══ THE RECORDS

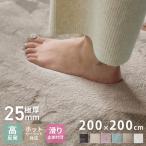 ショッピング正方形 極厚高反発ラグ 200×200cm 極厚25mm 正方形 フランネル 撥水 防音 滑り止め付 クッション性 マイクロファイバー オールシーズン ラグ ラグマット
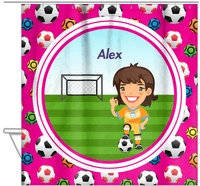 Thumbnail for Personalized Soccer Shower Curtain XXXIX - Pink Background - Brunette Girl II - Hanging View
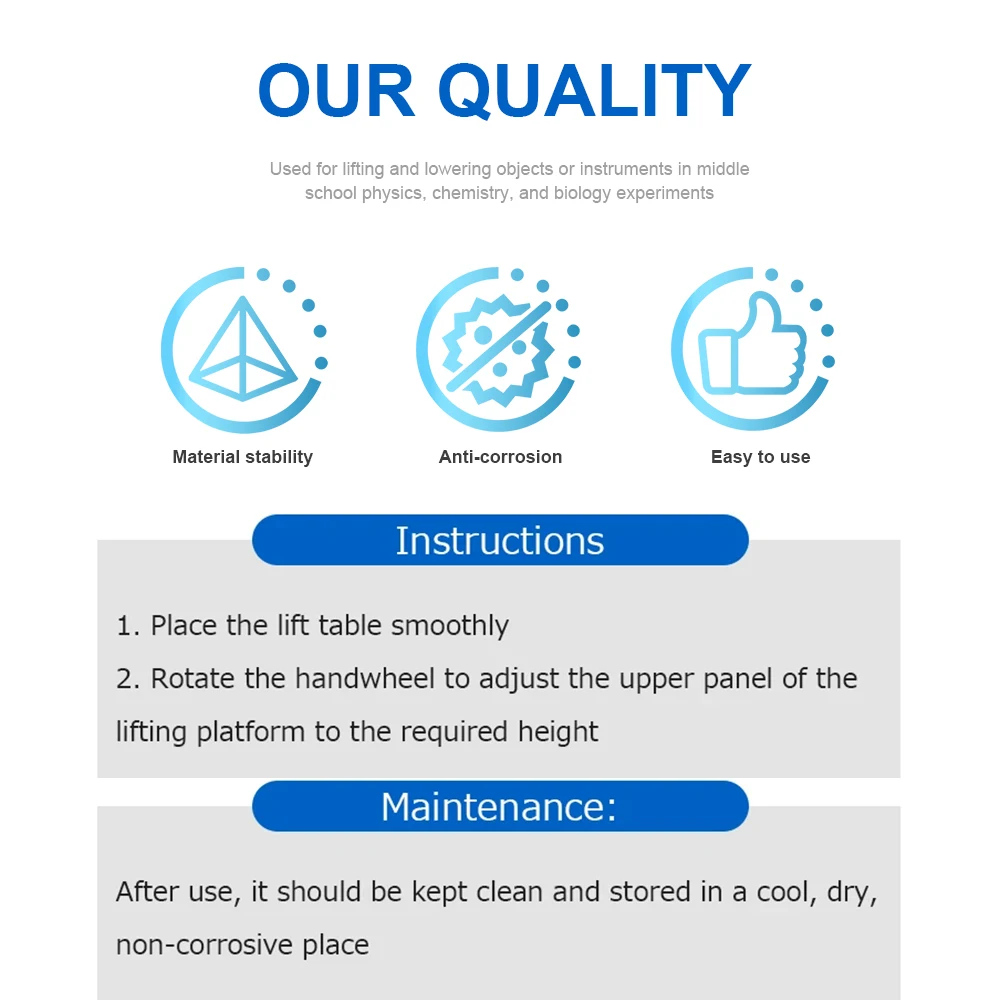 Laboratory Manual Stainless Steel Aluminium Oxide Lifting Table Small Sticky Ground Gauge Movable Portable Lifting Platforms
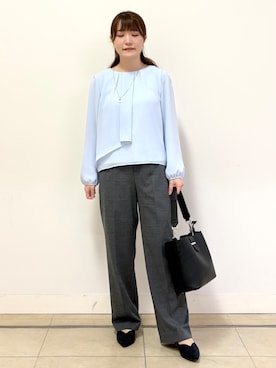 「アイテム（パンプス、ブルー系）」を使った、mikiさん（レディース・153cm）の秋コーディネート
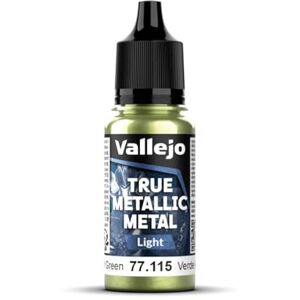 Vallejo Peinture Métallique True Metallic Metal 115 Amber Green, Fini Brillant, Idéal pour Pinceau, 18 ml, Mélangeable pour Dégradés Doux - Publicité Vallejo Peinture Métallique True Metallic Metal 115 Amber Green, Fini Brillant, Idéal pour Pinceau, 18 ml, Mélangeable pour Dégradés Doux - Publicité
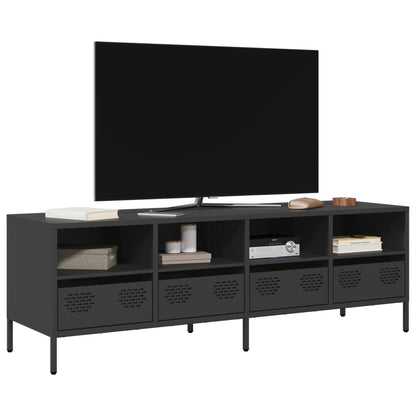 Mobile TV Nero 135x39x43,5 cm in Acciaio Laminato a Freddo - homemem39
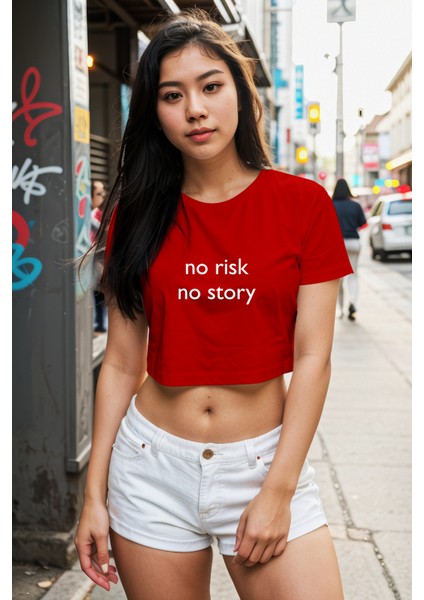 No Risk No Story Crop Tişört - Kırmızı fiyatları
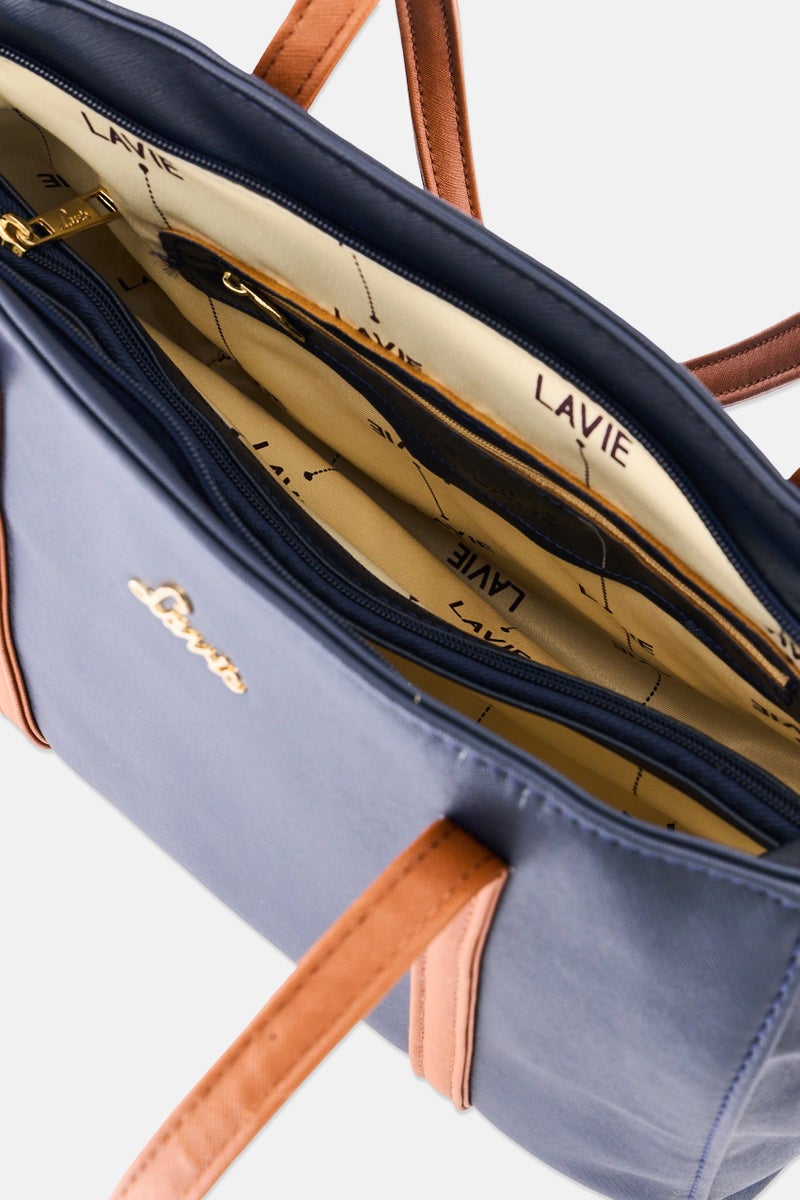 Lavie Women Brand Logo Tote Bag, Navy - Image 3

════

=== TASK PROMPT ===
Repeat the records above verbatim. Include none of the pictures.

=== WRITTEN RESPONSE ===
 ショッピング正方形 極厚高反発ラグ 200×200cm 極厚25mm 正方形 フランネル 撥水 防音 滑り止め付 クッション性 マイクロファイバー オールシーズン ラグ ラグマット
 Thumbnail for Personalized Soccer Shower Curtain XXXIX - Pink Background - Brunette Girl II - Hanging View
 Laboratory Manual Stainless Steel Aluminium Oxide Lifting Table Small Sticky Ground Gauge Movable Portable Lifting Platforms
 「アイテム（パンプス、ブルー系）」を使った、mikiさん（レディース・153cm）の秋コーディネート
 Vallejo Peinture Métallique True Metallic Metal 115 Amber Green, Fini Brillant, Idéal pour Pinceau, 18 ml, Mélangeable pour Dégradés Doux - Publicité Vallejo Peinture Métallique True Metallic Metal 115 Amber Green, Fini Brillant, Idéal pour Pinceau, 18 ml, Mélangeable pour Dégradés Doux - Publicité
 Mobile TV Nero 135x39x43,5 cm in Acciaio Laminato a Freddo - homemem39
 No Risk No Story Crop Tişört - Kırmızı fiyatları
 Lavie Women Brand Logo Tote Bag, Navy - Image 3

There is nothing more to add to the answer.